In Folland, Lemma 3.15 gives a version of the Vitali-Covering Lemma:

Lemma 3.15: Let $\mathscr{C}$ be a collection of open balls in $\mathbb{R}^{n}$, and let $U= \bigcup_{B \in \mathscr{C}} B$. If $c<m(U)$, there exists disjoint $B_{1}, \ldots, B_{k} \in \mathscr{C}$ such that $\sum_{j=1}^{k} m(B_{j})> 3^{-n} c$.

I am very unclear on the significance of this result.

Is it true that $U \subset \bigcup_{j=1}^{k} 3 B_{j}$? If so, how is this implied by this lemma?

Answer 1

This Lemma is not quite easy to understand just by reading the terse proof.
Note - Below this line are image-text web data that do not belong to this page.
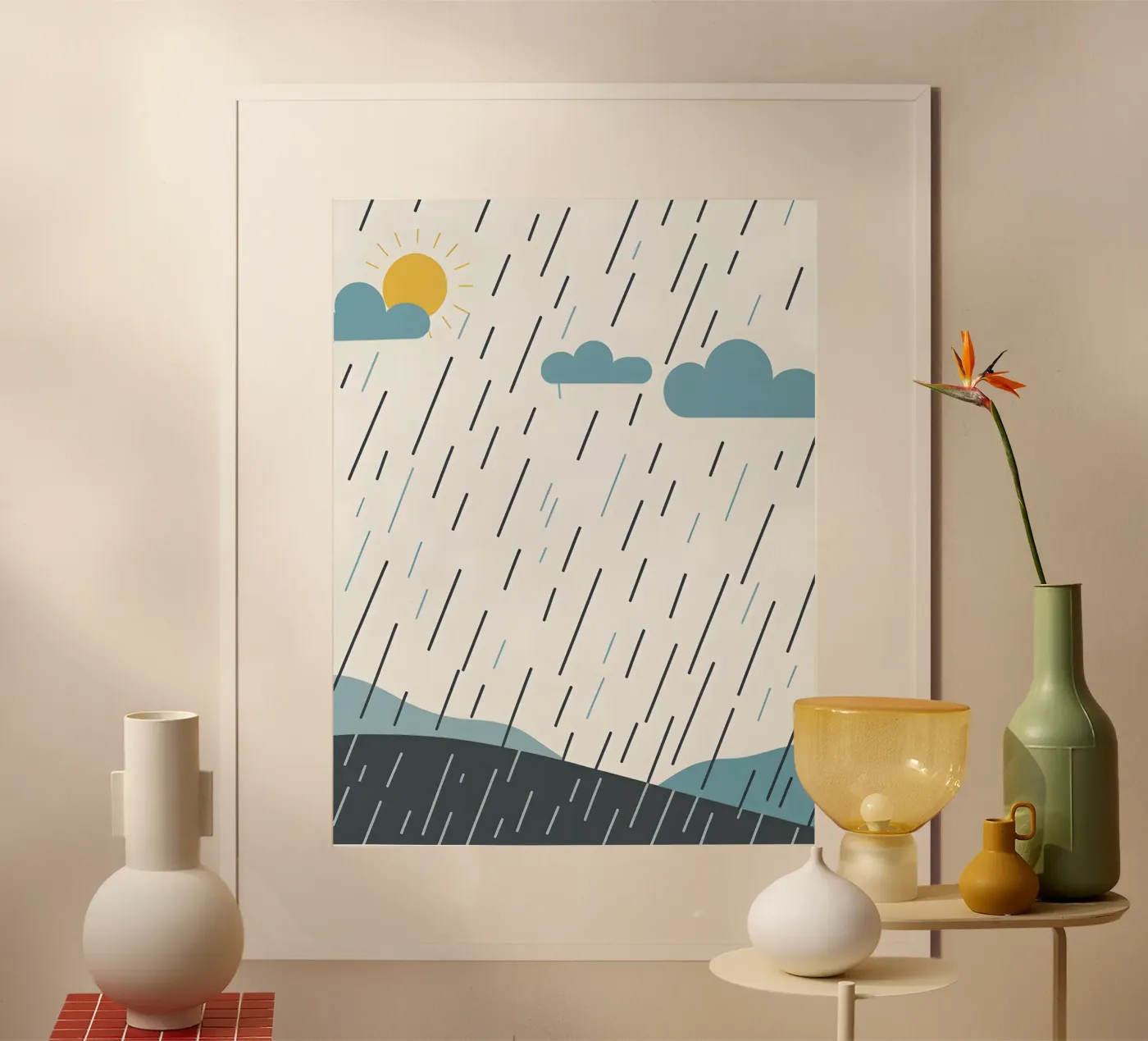 Rain lines poster by LIFESTYLE OBJECTS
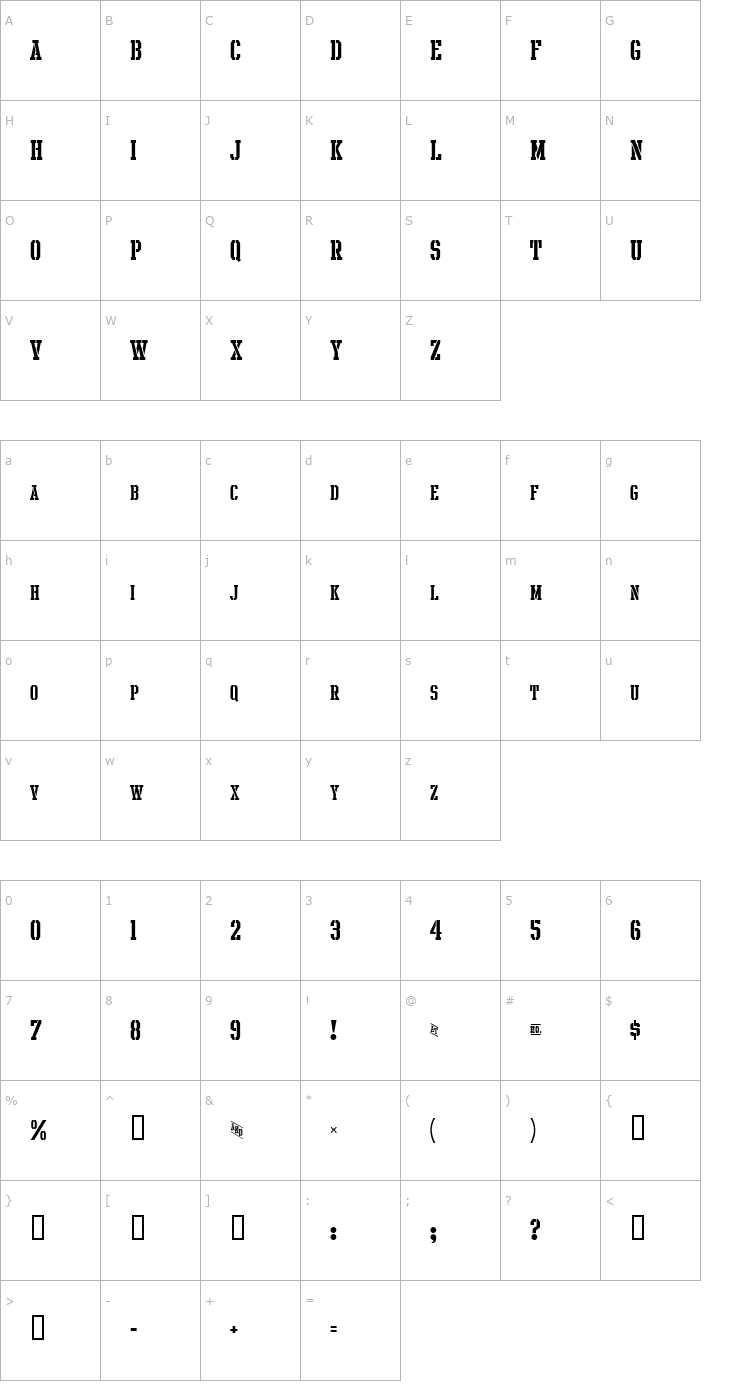 Character Map Intramural Stencil SC JL Font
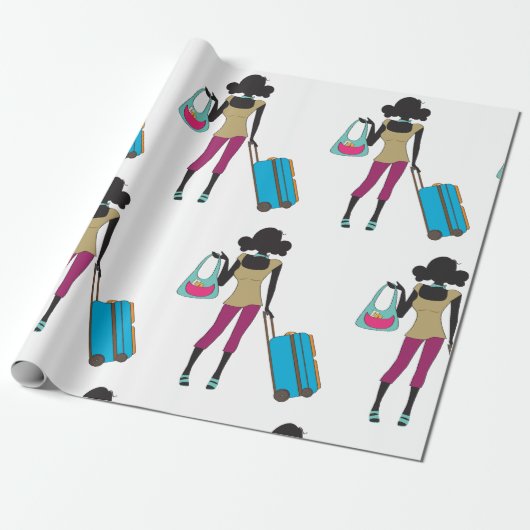 Vrouw met een koffer cadeaupapier (Uitgerold)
However, the following picture from wiki is much helpful:

1. Green balls represent $B_j$
2. purple balls represent the balls $A_i$ with $A_i \cap Bj \neq \emptyset$

Anwser: YES

To explain it, notice the following:

1. No isolated purple balls.
2. Purple balls will no larger than the green balls if they intersect.
3. If two balls are of the same size and both are almost disjoint. Then choose one of them to be green ball $B$ and the other, purple $A$. Then $3B \supset A $ (Verify it just by drawing circle !)

So the result indeed imply that $U \subset \bigcup_{j=1}^{k} 3 B_{j}$ (No purple balls are isolated from the covering.)

Also 1.~ 3. are implied by the proof of this Lemma. So the Lemma indeed implies this result and this picture.